Cynthia – So does this proposed legislation show that Washington is lacking confidence in the municipal market generally? Is that the case?

Matt – It sure seems like it. You have to remember that in Washington the lobbying pressure from the industry in general is diffuse. So there’s no strong, clear voice from the investors or from the dealers. Really the politicians in Washington hear the issuers, the state and local issuers the most. For many state and local issuers fundamentally they don’t realize why yields were so low between 2002 and 2006. They don’t realize why they have risen and they’re just waiting for them to go back. In effect they’re asking Washington to replace the demand from leveraged buyers, like tender option bond programs, just expecting that that is going to fix everything. The market is fundamentally changed. It’s become a more difficult place for issuers generally. Those sort-of expectations are probably going to be short-lived. But that’s what been driving policy in Washington is the sense that from the issuer’s perspective, because they can’t sell bonds like they used to in the era of leverage, that something’s broken and it needs to be fixed by Washington. I’m just not so sure that that’s the case

Cynthia –Finally Matt, if I’m a muni investor, where would I look for opportunities right now?

Matt –You don’t need to rush. I think if you’re looking to buy bonds for total return, looking at for capital gains, I think munis are dangerous generally. Because you really have unpredictable prices over the next three to six months. If you’re an income-oriented investor and you’re looking for just to buy a nice, safe stream of income, there are definitely opportunities available, but you don’t have to rush because we think that yields are probably going to be rising over the near term.
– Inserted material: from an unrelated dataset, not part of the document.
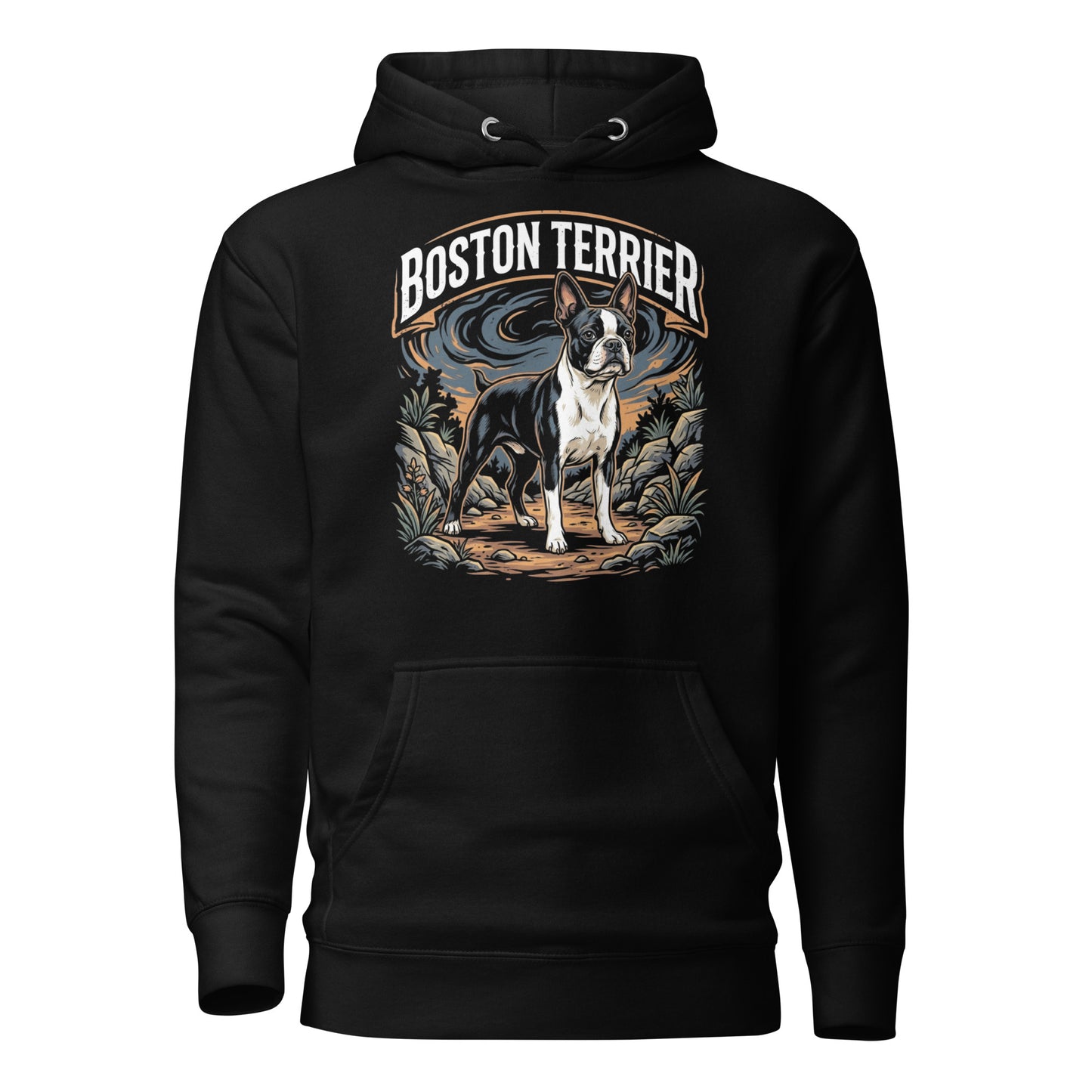 Boston Terrier Wilderness Guardian Unisex Hoodie . Black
But you need to look in state, out of state. You need to look for unrated bonds, safe sector bonds. Safe sector being unrated general obligation, things in Michigan, City of Detroit, local school districts around Detroit, extremely safe from a fundamental structure perspective but facing a real headwind in the market as far as market perception, very thin demand for those bonds. So it’s a great a great time for an individual investor to go in and buy some Detroit bonds. If you’re looking for liquidity, so something that you might be able to sell at something close to what you paid for it, still pre-refunded bonds which are bonds backed by portfolios of irrevocable escrows of Treasury securities. They are still the prime security. Not only are these bonds backed by portfolios of Treasuries themselves, but from a scarcity perspective because there are fewer and fewer of them being created. Actually the universe of pre-refunded bonds has shrank by 17% over the last year when the number of outstanding total muni bonds has increased by 6%. So you have a scarcity issue also driving the value in liquidity in the pre-refunded sector. I think not necessarily a great yield opportunity because yields are pretty low, but as far as maintaining asset value, maintaining liquidity, I don’t think that you can beat that opportunity in the muni sector right now.